Financial stability is the ability to pay all of your bills as well as being able to have savings and sometimes a separate emergency fund.
This may seem unattainable, but there are steps you can take that will get you closer to financial stability. Here are some tips to get you on your way.
Set financial goals
A large part of being financially stable is planning and discipline. For some people, setting financial goals is a great way to motivate themselves.
Depending on your situation, the goals can be large or small. For example, you may want to save up for a deposit on a house. Rather than having that as a goal, set a more specific one. You could say you want to save £100 per month which will then add up to a deposit.
Similarly, you could set yourself different types of goals.
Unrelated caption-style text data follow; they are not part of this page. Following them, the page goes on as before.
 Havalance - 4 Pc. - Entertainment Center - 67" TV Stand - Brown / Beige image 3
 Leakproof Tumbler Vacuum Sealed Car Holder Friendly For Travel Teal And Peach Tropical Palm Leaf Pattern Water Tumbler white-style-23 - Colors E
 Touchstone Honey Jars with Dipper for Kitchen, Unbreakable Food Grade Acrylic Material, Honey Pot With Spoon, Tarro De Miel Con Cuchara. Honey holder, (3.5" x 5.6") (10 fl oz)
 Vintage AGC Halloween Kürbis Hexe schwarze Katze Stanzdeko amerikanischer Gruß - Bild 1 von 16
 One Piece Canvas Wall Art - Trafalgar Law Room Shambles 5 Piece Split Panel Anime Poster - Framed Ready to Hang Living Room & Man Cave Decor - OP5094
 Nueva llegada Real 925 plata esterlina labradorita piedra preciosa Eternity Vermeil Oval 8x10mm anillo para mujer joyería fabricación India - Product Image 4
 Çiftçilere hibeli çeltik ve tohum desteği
Rather than saving for a large purchase, you could aim to eliminate your debt or set up a private pension plan for your future.
Create a budget and control cash flow
Controlling your cash flow is the first thing you should do to get a hold of your finances. Look at your bank account and lay out any income compared to your outgoings. You should be able to see how much you have left once all essential bills are paid.
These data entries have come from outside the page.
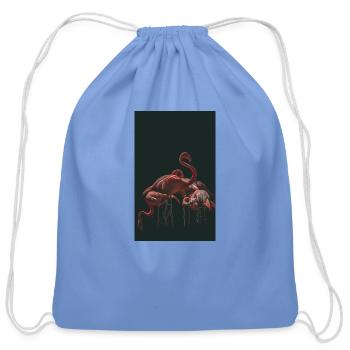Flamingo1327405 - Cotton Drawstring Bag - carolina blue - Front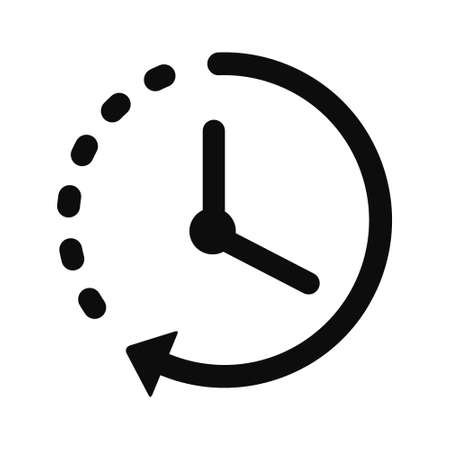 Clock countdown icon in flat style. Time chronometer vector illustration on white isolated background. Clock business concept.のイラスト素材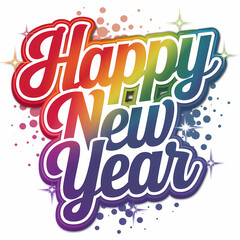 Fototapeta premium Happy New Year Illustration, isolated on white background 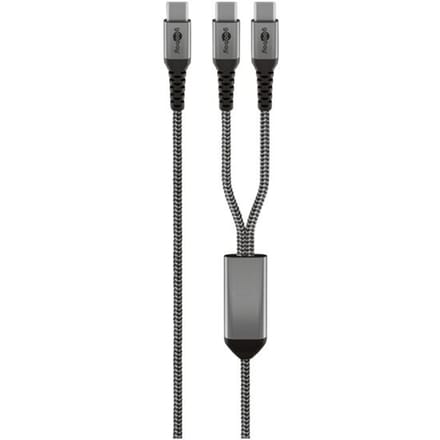 Goobay USB-C™ Textile Cable, 60 W, Power Delivery, 1.5 m, black;grey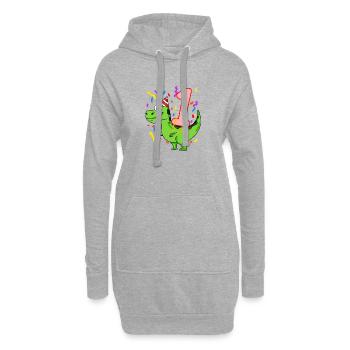 Dinosaurier Geburtstag 1 Jahre alt - Hoodie-Kleid - Grau meliert - Vorne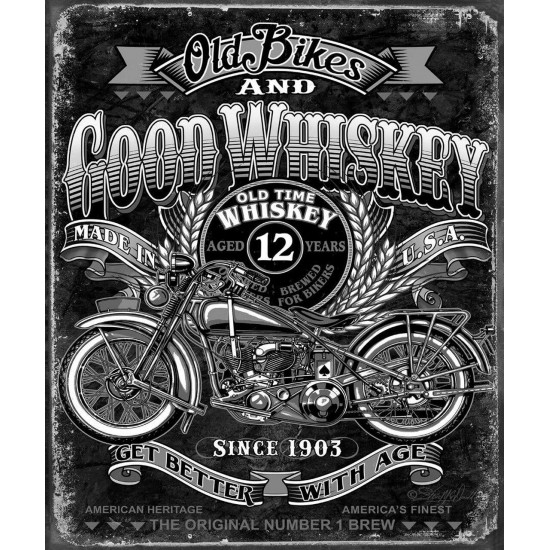 Placa metalica Old Bike and Good Whiskey 30x40 cm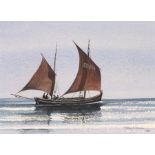 Tony WARREN (British 1930-1994) Cornish Lugger Barnabas, Watercolour, Signed and dated 1983 lower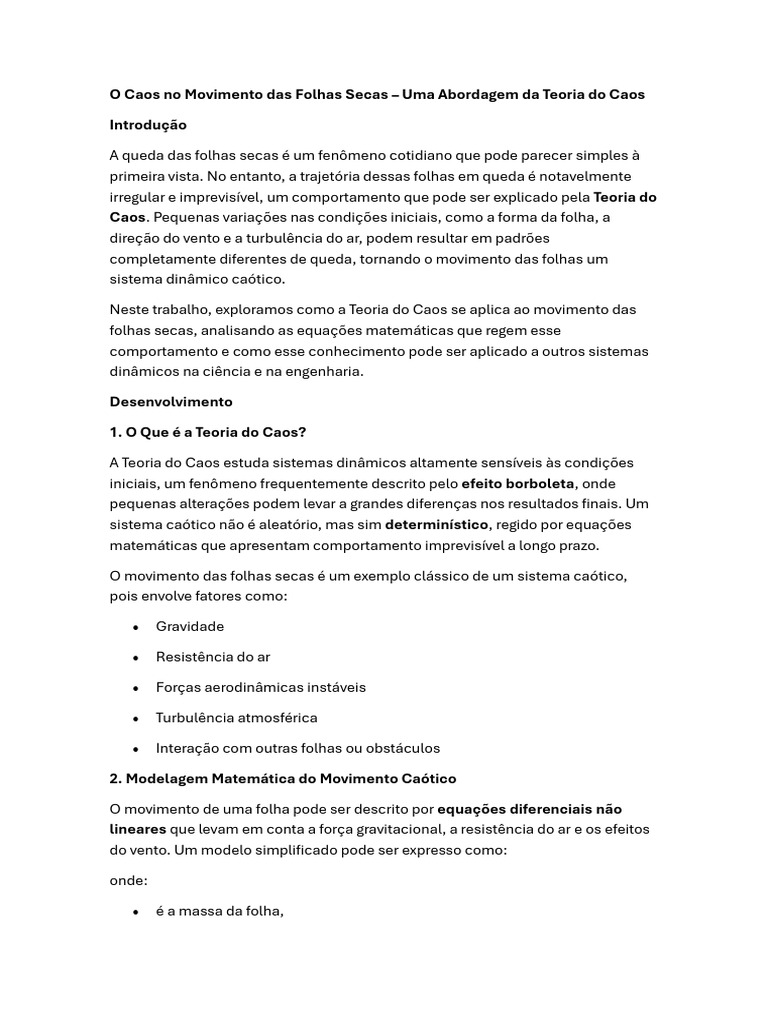 Caos no Movimento das Folhas Secas | PDF | Teoria do Caos | Física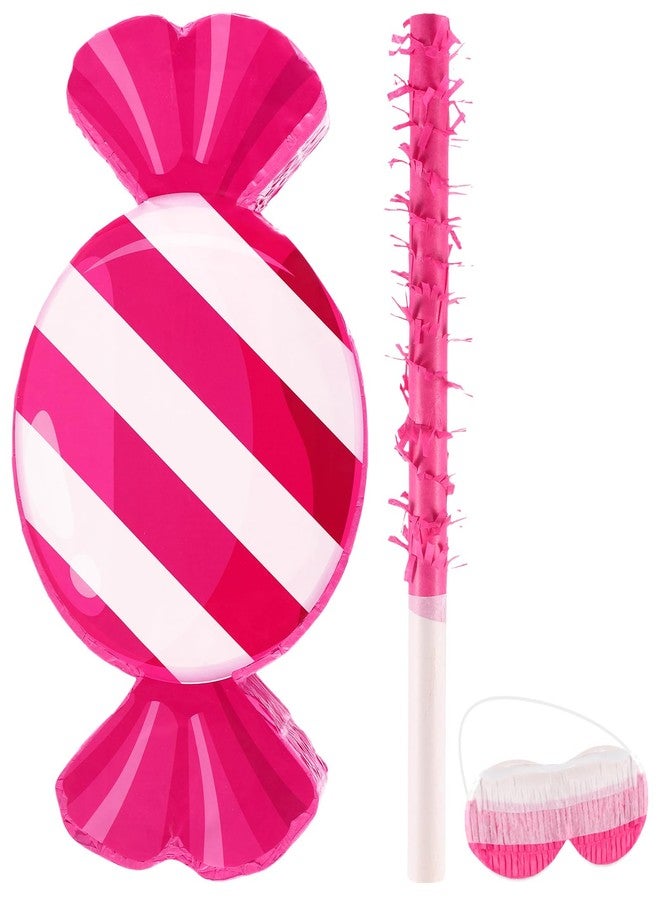 اوريهير بينياتا زينة وردية اللون لحفلات أعياد الميلاد من Aoriher Candy Party مع عصا وعصابة للعينين وحلوى مصاصة، مناسبة لحفلات أعياد الميلاد بنكهة النعناع (Peppermint) - Image 1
This leftover amount is the amount of money you can save or spend. Whilst you should enjoy yourself, it is worth setting some aside to save regardless of your plans.
Add to your savings
One mistake people trying to save make is waiting until the end of the month to add to a savings account. If you get into the habit of putting money into savings at the beginning of the month, then you will be able to manage your budget better.
You may also be able to take advantage of interest rates on savings accounts. Some require a minimum addition every month to benefit from this, so by adding to the pot every month you can get the most out of your banking.
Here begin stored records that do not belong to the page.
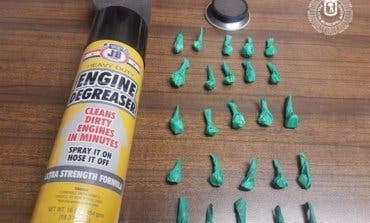 Detenido un motorista por llevar cocaína oculta en un bote de spray
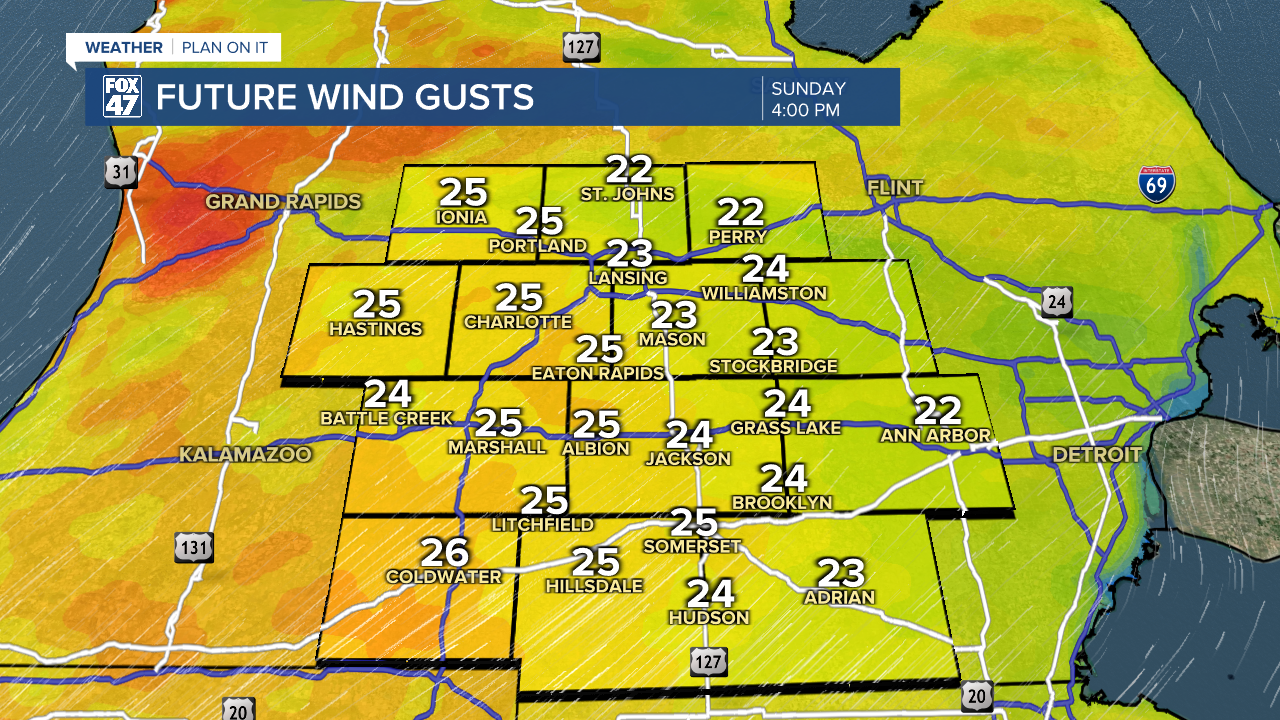 Winds gusting up to 25mph Sunday out of the south shouldn't impact feels like temperatures during the afternoon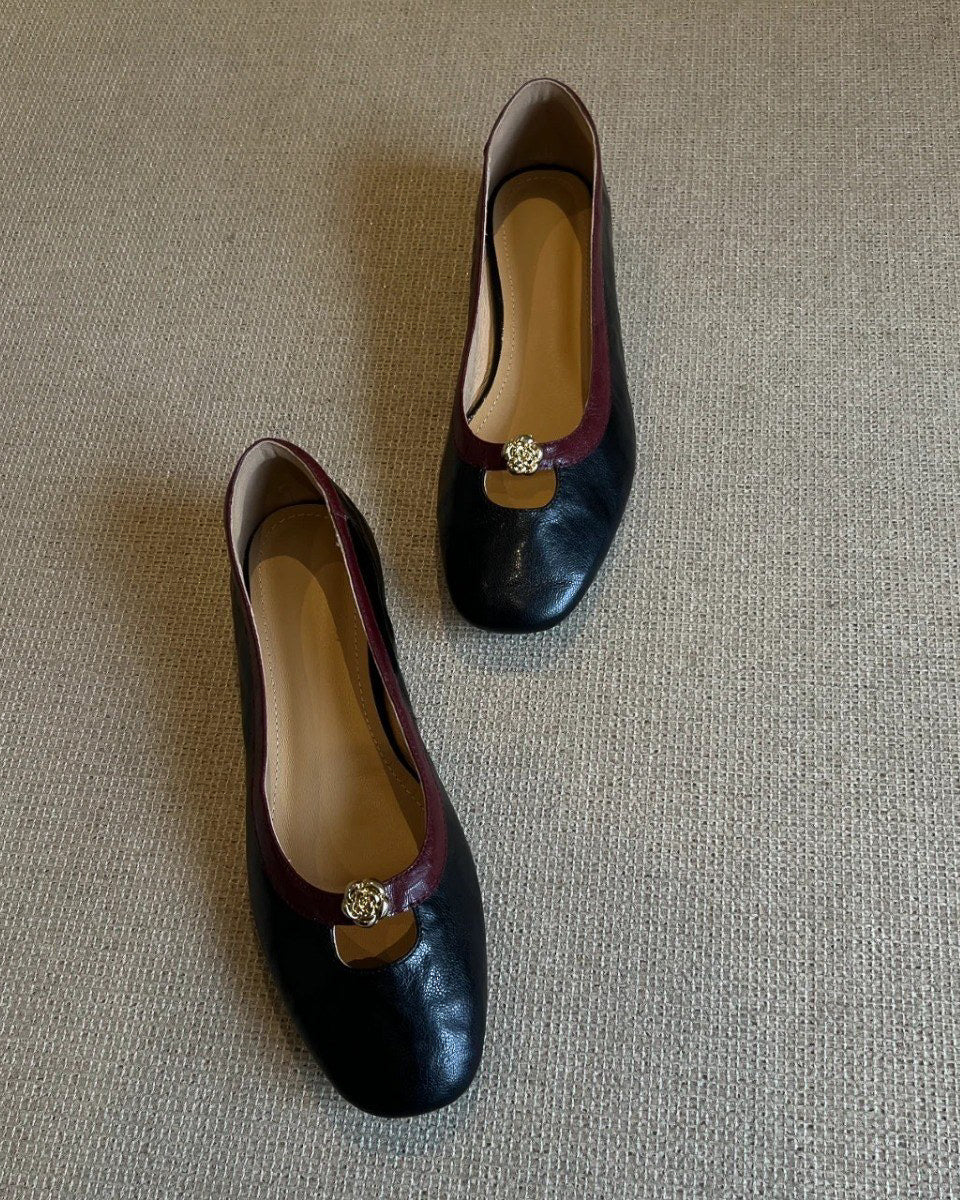 カメリア ローヒールパンプス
By the end of August 2023, the average debt per household was £65,756 including mortgages. It can be hard to navigate a way through debt, especially if you have a large amount.
You will need to look at all of your creditors and work out the remaining balances as well as interest rates. It is better if you pay off the debts with the highest rates first as this will save you money in the long run.
Remember to be transparent with any loan companies. The worst thing you can do is bury your head in the sand and ignore them. By keeping in contact with them and discussing payments and what you can afford, companies may be able to offer you a payment plan or an alternative payment structure.
There are charities that aim to help people with their debt. If you are struggling, try contacting one for some impartial advice.